- Your instructions -
Scan the records below for the line with "Nul-chal online show from 03-21-26, 07:53" and the line with "Philips PR-850 Full", and retype that range exactly, both ends included, pictures excepted.

- Data provided -
__________________________________________________
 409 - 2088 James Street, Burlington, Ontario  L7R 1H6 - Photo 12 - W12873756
__________________________________________________
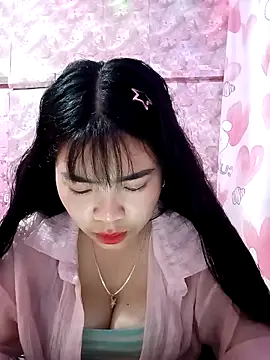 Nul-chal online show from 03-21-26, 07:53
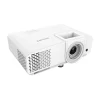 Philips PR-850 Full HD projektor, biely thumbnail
__________________________________________________
- Solution for this task -
 Nul-chal online show from 03-21-26, 07:53
 Philips PR-850 Full HD projektor, biely thumbnail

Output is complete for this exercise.